Looking at the “part #2” of the proposed solution, it is important to notice that it does not protect against the accidental re-publishing of the current workflow type (for example, in SPD 2007/2010, when the workflow model was only shown but not modified, and the web designer closes the Workflow Editor tool with the ‘Publish’ button instead that with the ‘Cancel’ button). In that case, the current workflow version in the predisposed workflow variable – matched with the value of predisposed list item into the “Configuration Parameters” list – is not updated; for that reason, when a dehydrated instance of a previous workflow version will be re-hydrated, the proposed stop-and-restart mechanism is not executed and the “standard but unwanted” workflow instance duplication will happen.

It is important to notice that both parts of the described solutions can greatly reduce the occurrences of the workflow instances duplication but do not give the sure confidentiality that… no more unexpected situations will arise. In effect, they contains some “set of actions” that should be executed – by different workflow instances and/or by users – according to an expected logical timing sequence; unfortunately, this last may be subjected to unexpected “timing and concurrency issues”. Just as an example…: it is unlikely but it may happen that the new instance of the new workflow version – triggered by the stop-and-restart mechanism executed after the re-hydration, accordingly to the “part #2” of the proposed solution – will start faster that the completion of the list item cancellation into the “Running Workflow Instances” list; such an unpredictable situation will obviously cause the new workflow instance to stop itself.

In my experience, it is difficult to predict the occurrence rate for the “timing and concurrency issues”: it may be null where the servers are not heavily used and where the users’ concurrency rate is small; it may be somehow appreciable otherwise. There are other tips allowing the reduction of the incidence of this kind of problems; for example, it may be safer to introduce another custom list with another workflow, causing the restart of the main workflow (in its new version) after a pause of a few minutes (this may be considered as acceptable in a human workflow implementation). I am planning to write more about my experiences on this kind of problems in other posts.

The solution proposed in this post is valid even when the workflow implementation is more complex; for example, the “conceptual model” of the overall workflow (represented with a flowchart or with a state machine or with other techniques) can contain loops (in our example, what if a third contributor need to evaluate the first and the second contributions, possibly asking for a reworking of one or both these contributions?).

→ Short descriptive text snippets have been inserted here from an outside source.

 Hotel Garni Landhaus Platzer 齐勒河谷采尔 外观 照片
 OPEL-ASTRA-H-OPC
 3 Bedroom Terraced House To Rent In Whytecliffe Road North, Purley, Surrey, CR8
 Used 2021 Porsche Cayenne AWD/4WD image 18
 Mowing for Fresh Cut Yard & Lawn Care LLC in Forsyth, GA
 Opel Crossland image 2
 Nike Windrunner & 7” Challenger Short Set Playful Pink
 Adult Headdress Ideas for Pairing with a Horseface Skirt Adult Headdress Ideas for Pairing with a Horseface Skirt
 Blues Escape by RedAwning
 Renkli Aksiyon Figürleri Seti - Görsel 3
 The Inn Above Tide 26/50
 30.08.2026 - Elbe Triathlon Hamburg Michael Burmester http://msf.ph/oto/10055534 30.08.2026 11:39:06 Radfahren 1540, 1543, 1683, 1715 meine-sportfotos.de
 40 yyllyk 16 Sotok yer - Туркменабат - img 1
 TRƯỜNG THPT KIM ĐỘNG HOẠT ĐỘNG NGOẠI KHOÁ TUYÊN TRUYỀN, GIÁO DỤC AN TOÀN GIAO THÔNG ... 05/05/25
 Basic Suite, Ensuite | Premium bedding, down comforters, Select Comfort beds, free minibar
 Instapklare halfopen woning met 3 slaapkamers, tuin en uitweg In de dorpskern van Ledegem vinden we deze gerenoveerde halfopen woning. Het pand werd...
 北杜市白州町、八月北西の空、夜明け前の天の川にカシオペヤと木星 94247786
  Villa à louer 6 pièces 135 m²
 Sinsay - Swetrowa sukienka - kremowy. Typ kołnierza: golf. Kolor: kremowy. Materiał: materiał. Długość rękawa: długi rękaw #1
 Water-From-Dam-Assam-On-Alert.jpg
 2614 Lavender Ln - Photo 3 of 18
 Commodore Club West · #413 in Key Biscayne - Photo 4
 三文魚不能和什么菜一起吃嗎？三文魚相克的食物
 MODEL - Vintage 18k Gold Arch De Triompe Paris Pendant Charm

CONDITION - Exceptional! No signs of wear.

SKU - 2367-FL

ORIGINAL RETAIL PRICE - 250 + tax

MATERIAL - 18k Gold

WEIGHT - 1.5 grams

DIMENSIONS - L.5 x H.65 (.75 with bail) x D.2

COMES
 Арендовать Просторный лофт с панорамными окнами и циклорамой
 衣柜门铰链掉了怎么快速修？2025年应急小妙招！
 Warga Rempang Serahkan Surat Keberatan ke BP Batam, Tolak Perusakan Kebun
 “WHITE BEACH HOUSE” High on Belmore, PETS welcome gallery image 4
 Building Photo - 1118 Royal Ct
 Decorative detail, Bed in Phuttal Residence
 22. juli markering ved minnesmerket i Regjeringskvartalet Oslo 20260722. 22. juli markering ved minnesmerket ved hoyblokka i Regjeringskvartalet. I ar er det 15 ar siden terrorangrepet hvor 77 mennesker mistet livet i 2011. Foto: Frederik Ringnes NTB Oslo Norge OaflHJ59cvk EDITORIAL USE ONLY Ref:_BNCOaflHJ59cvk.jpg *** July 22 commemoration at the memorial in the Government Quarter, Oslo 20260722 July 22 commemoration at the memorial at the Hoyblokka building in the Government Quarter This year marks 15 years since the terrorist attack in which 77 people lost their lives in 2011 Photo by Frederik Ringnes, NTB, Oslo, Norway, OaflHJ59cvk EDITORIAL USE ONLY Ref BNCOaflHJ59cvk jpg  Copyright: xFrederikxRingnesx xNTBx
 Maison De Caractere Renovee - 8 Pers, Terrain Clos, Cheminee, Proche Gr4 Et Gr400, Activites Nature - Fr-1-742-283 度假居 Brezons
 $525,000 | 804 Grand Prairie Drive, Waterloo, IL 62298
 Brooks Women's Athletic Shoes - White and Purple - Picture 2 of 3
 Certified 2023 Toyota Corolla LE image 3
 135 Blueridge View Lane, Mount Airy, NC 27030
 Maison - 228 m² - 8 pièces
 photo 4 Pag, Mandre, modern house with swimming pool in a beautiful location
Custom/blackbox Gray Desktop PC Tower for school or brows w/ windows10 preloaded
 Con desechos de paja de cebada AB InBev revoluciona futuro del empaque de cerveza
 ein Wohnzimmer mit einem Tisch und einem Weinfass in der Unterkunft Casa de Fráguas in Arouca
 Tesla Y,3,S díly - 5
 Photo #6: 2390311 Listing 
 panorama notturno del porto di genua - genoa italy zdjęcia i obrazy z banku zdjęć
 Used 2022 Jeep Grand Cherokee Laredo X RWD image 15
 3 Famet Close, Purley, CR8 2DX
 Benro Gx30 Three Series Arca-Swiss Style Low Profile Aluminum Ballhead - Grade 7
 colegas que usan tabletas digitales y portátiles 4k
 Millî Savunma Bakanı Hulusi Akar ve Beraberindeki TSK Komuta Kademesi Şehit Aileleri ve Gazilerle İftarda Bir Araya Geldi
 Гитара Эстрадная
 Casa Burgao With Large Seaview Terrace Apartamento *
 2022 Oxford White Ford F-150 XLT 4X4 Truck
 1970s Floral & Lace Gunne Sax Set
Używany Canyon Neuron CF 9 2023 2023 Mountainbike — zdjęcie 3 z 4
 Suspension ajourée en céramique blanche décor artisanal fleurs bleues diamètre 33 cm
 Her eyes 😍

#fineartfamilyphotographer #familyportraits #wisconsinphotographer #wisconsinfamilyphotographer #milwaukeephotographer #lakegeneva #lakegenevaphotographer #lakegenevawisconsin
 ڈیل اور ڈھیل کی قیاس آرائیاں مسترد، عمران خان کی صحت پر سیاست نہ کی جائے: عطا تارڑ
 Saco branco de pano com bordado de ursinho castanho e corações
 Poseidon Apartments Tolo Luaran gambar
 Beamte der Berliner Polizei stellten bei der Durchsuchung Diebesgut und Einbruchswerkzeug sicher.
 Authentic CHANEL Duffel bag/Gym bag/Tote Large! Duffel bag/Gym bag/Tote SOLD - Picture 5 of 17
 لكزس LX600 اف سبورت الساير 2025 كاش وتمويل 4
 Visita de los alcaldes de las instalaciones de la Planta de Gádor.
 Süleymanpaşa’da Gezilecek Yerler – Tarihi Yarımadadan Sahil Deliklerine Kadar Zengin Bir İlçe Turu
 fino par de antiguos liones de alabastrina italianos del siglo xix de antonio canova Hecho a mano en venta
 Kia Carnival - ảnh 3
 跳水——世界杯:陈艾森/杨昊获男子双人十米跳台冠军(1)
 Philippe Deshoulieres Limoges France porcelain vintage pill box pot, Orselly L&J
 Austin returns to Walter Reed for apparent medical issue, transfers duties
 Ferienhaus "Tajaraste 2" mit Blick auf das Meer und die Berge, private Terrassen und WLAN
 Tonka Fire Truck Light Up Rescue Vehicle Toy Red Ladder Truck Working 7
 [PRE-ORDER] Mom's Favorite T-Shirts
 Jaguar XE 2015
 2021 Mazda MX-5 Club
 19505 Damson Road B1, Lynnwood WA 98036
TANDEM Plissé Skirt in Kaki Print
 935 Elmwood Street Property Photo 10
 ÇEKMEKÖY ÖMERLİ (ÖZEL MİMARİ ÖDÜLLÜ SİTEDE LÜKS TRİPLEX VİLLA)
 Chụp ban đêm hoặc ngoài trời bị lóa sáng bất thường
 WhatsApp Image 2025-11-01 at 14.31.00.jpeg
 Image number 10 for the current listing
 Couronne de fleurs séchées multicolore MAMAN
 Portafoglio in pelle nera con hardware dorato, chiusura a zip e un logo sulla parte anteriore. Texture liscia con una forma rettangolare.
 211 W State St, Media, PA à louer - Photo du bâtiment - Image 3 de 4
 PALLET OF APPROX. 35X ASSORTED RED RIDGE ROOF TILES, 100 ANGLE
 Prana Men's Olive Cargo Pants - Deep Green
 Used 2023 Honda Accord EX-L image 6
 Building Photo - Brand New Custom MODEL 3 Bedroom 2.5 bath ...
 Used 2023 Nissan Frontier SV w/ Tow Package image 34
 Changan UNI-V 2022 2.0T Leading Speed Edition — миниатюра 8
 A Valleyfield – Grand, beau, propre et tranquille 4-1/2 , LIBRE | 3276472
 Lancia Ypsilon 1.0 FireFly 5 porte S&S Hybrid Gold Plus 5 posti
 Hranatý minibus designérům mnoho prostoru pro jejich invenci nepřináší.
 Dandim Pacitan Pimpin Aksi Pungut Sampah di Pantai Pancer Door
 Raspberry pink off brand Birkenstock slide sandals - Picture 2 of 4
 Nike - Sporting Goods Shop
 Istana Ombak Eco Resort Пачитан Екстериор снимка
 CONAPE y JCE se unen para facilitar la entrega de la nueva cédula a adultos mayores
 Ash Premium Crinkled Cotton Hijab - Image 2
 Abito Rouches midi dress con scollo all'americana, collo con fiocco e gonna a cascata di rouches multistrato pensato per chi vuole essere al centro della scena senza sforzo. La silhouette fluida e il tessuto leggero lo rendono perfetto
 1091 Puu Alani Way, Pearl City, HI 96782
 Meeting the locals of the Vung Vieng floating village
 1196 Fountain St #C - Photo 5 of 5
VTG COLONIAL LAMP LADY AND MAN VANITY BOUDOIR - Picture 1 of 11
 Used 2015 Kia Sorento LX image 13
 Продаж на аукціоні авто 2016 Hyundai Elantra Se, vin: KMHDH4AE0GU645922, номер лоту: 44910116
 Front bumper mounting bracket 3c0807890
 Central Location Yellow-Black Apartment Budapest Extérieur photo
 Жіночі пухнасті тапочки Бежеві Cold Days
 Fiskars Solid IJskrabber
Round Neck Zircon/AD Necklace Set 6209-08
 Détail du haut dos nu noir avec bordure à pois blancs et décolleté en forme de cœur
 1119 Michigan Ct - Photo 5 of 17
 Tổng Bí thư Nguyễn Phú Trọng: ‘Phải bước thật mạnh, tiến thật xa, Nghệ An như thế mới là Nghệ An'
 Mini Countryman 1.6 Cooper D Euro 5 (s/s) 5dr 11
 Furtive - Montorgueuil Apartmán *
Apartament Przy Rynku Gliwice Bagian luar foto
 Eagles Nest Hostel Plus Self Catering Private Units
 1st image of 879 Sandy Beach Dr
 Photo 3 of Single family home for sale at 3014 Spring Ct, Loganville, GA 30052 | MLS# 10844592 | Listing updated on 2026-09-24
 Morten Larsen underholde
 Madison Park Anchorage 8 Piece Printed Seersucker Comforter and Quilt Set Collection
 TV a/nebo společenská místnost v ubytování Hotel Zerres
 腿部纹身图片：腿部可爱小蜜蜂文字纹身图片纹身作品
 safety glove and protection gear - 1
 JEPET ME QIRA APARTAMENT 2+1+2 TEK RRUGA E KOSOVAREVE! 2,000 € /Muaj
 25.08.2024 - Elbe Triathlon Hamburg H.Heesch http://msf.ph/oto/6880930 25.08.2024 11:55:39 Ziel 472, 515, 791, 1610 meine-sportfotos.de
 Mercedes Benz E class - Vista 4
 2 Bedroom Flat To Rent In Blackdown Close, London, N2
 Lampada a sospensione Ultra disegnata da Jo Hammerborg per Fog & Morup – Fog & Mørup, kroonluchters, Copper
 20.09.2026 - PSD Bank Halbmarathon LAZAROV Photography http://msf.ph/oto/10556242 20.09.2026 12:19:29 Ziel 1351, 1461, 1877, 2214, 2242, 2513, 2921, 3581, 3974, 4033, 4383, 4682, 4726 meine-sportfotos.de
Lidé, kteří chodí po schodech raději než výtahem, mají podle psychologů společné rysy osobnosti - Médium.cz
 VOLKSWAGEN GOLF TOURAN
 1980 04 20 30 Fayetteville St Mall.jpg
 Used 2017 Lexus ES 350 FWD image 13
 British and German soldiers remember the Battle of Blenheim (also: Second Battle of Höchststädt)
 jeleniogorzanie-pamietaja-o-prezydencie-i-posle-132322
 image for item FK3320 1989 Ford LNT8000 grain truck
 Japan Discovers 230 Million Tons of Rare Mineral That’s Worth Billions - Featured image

As you know, the “Workflow Designer/Editor” tool in SPD 2007/2010 does not allow the introduction of loops; in spite of this limitation, there are techniques allowing the creation of loops with the implementation of two or more workflow types triggering themselves as described in the following post (in the SPD team blog): “Service Pack 2 prevents an on-change workflow from starting itself”. Even in this situation, the solution described in this post can allow for a more predictable workflow behavior when the main workflow is updated.

Wrapping up…

In this post I have tried to pursue two aims:

· I have highlighted how the standard and powerful versioning mechanism for the SPD 2007/2010 declarative workflows, in certain conditions, can cause a workflow instances duplication which may produce confusion and the perception of a misbehaving workflow implementation;

· I have proposed a repeatable solution designed to greatly reduce the risk that such unwanted situations will happen.

I admit that the solution that I am proposing is complex and difficult to be implemented (but sometime necessary) in real workflow designs, because the additional logic must be potentially repeated many times in a single workflow implementation; moreover, not all the possible causes of problems are finally addressed (for example, the solution does not protect against the “accidental” workflow re-publishing).

I will be glad to see, in the comments to this post, if other simpler and/or wider approaches can be used instead.